HTML5 or messages from beyond the PDF

In 1990 Tim Berners-Lee and others started HTML and the world wide web to facilitate scientific communications at CERN, the world’s largest particle physics laboratory.

Although the world wide web profoundly changed scholarly publishing (and of course many other things), HTML did not become the standard document format for scientific papers. In fact, there is no standard document format. We have document formats for authors, for the internal workflow of publishers, and for the distribution and reading of papers.

There are of course many good reasons to use LaTeX for writing, XML for workflows, PDF to print papers or ePub for mobile devices. But reformatting a manuscript into different formats several times is both expensive (in terms of time and costs) and means that the formatting options used will be a compromise of what is available in all formats.

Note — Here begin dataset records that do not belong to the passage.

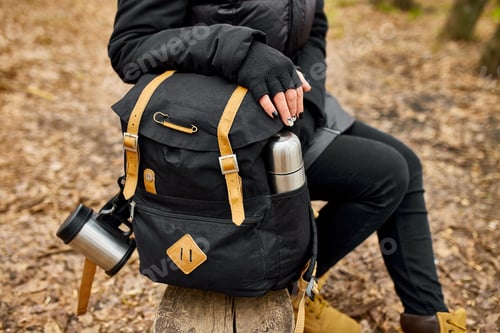 Preview: Unrecognizable woman backpacker traveler sitting on bench, travel accessory, relaxing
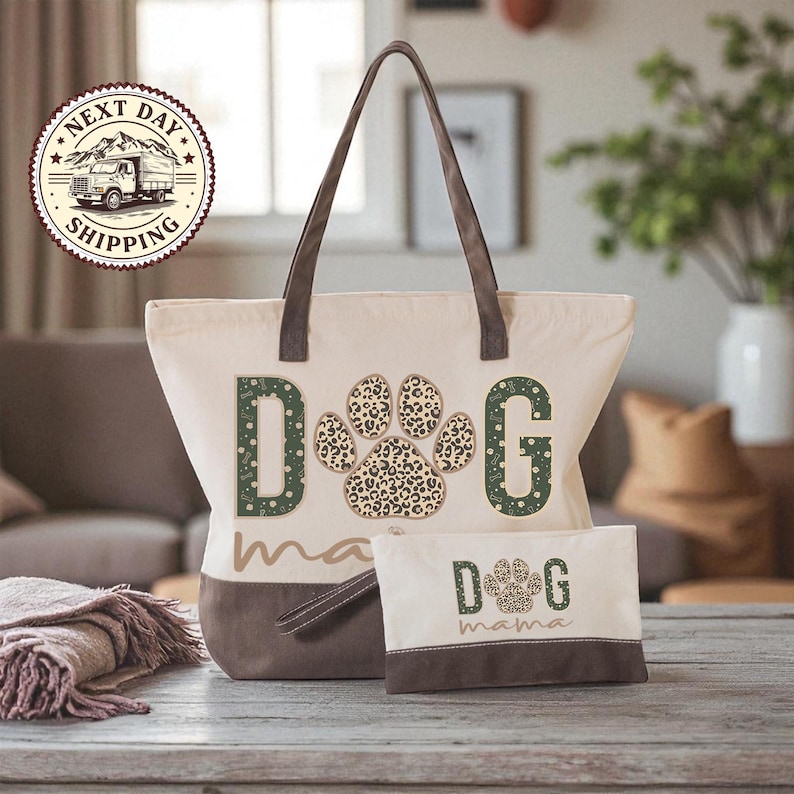 A beige tote bag with a leopard print paw print design and the word "dog" printed on it, along with a smaller bag that says "dog mama" on it. The bag is placed on a wooden surface, and there is a potted plant in the background.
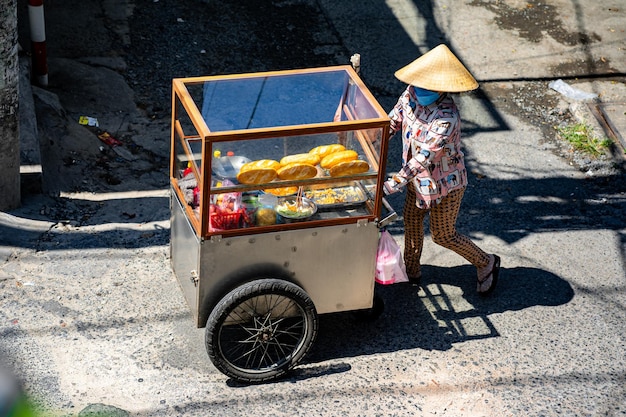 Frau schiebt einen Wagen und verkauft Brot auf der Straße in Vietnam. Straßenverkäufer, die vietnamesisches Brot herstellen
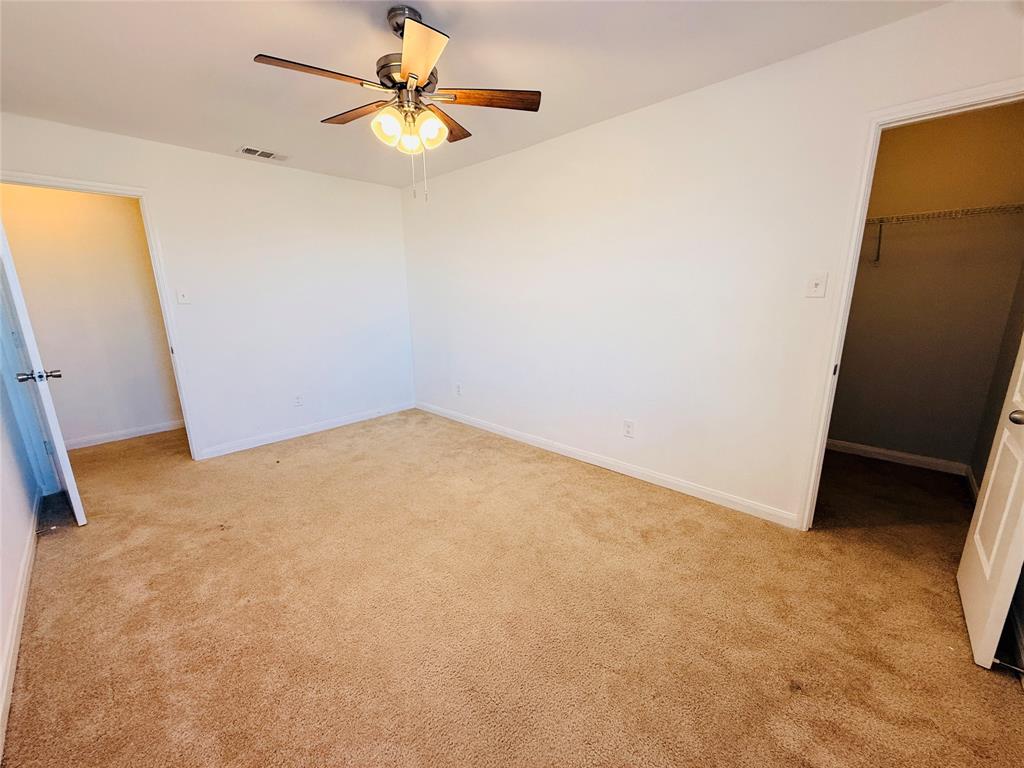 223 Magnolia Drive Princeton, TX 75407 - Photo 21 of 29 an empty room with a window and a ceiling fan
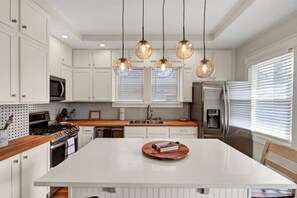 Modern kitchen with central island, white cabinetry, and stainless steel appliances.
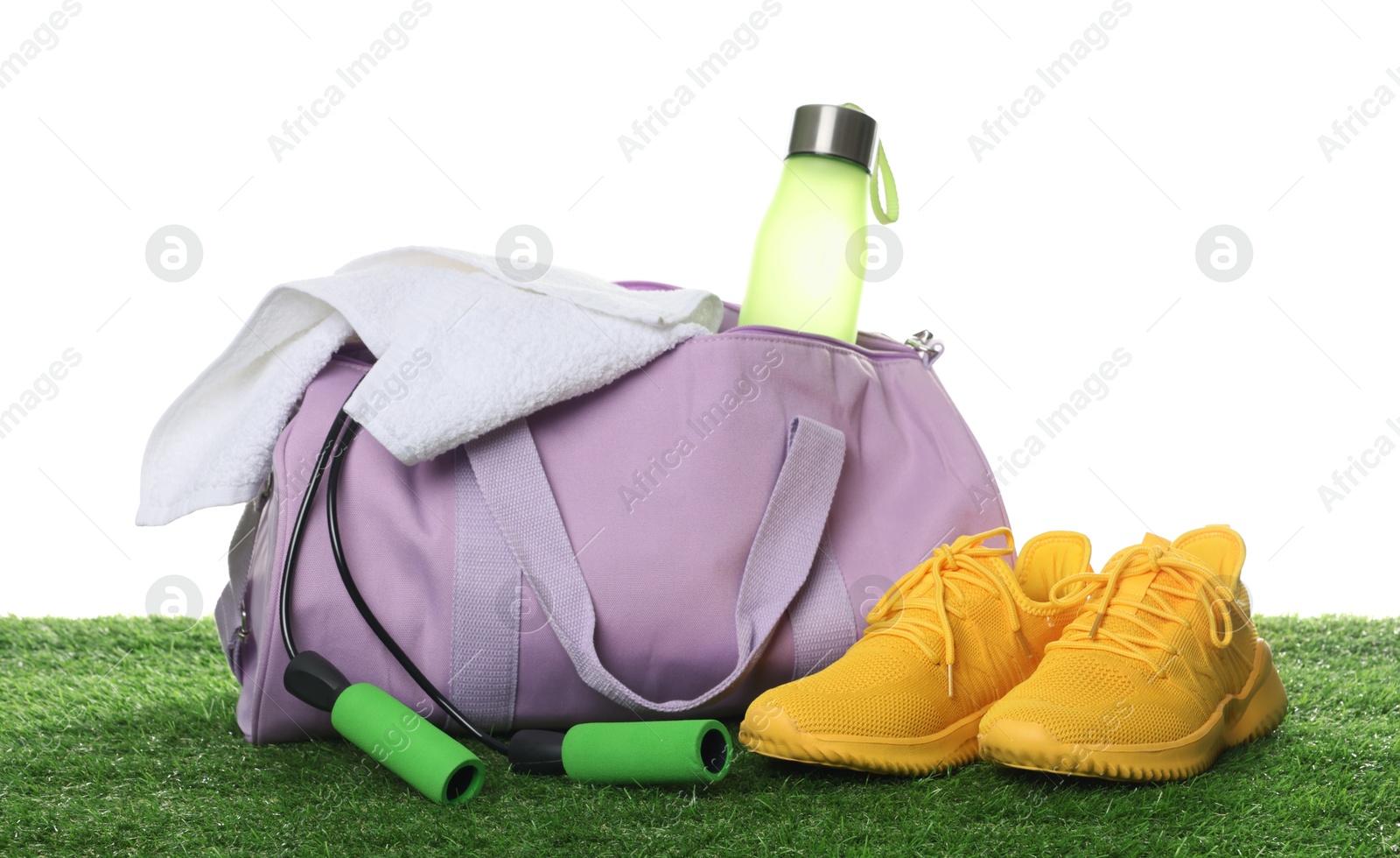 Photo of Stylish sports bag with bottle, towel, skipping rope and sneakers on green grass against white background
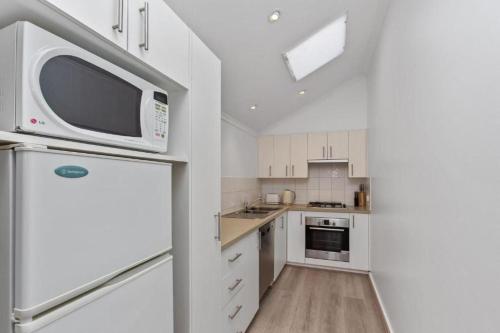 a kitchen with a refrigerator and a microwave at 15 Whitecrest Great Ocean Road Resort - Ocean View in Apollo Bay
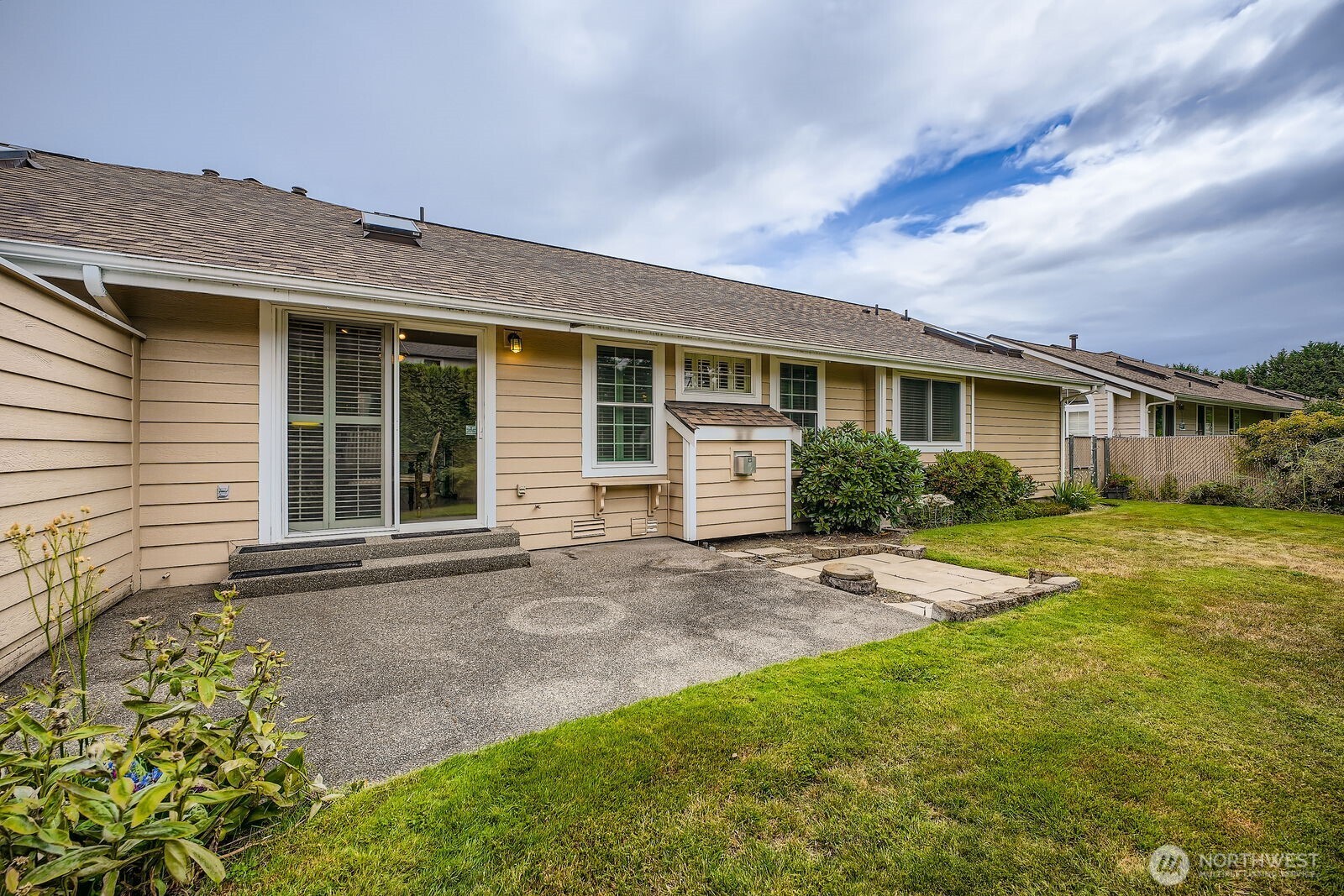 Spacious backyard is fully fenced & mowed by HOA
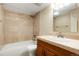 Bathroom featuring a tub shower with tile surround, vanity and a mirrored medicine cabinet at 7665 E Eastman Ave # 302B, Denver, CO 80231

All this would be much easier if we just used HTML. With HTML, authors, publishers and readers can all use the same document format. And they will have an endless number of tools at their hands, including of course WordPress for writing and the web browser of choice for reading. HTML in 2010 is very different from HTML in 1990. HTML5 supports new semantic elements such as <article>, microdata, embedding of video without plugins, geolocation, and offline web applications.

An HTML-based scholarly publishing workflow will make it

faster and cheaper to publish a paper,
easier to create rich interactive documents,
easier to add additional steps, such as integration of data from lab notebooks, publishing of pre-prints, etc.
easier to integrate additional services, from data visualization to language editing.